» Your goal
Starting with the line below that holds "Лечение заболеваний опорно-двигательного" and stopping after the line that holds "Imaging of Brain", transcribe the lines exactly, leaving out all pictures.

» Recorded data
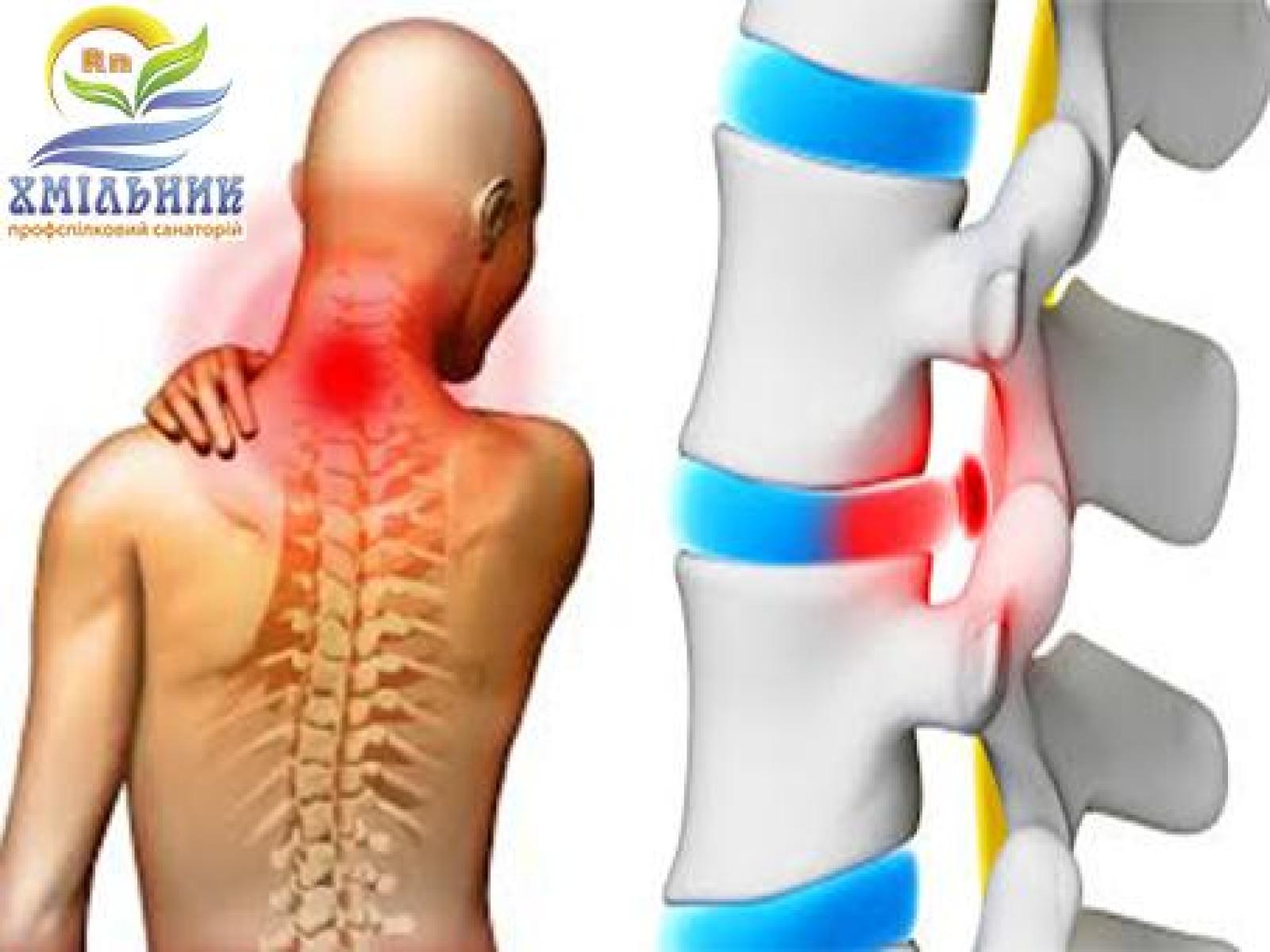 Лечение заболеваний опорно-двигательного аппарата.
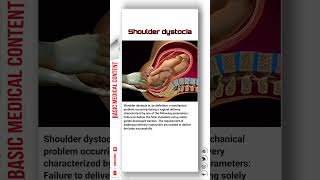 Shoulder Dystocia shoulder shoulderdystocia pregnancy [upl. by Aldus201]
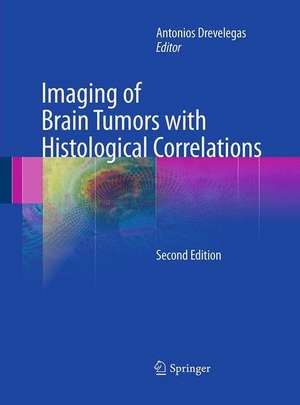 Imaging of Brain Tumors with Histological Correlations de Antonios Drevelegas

==

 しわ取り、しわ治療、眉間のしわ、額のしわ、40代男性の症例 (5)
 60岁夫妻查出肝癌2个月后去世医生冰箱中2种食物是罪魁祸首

» Solution for this exercise
 Лечение заболеваний опорно-двигательного аппарата.
 Shoulder Dystocia shoulder shoulderdystocia pregnancy [upl. by Aldus201]
 Imaging of Brain Tumors with Histological Correlations de Antonios Drevelegas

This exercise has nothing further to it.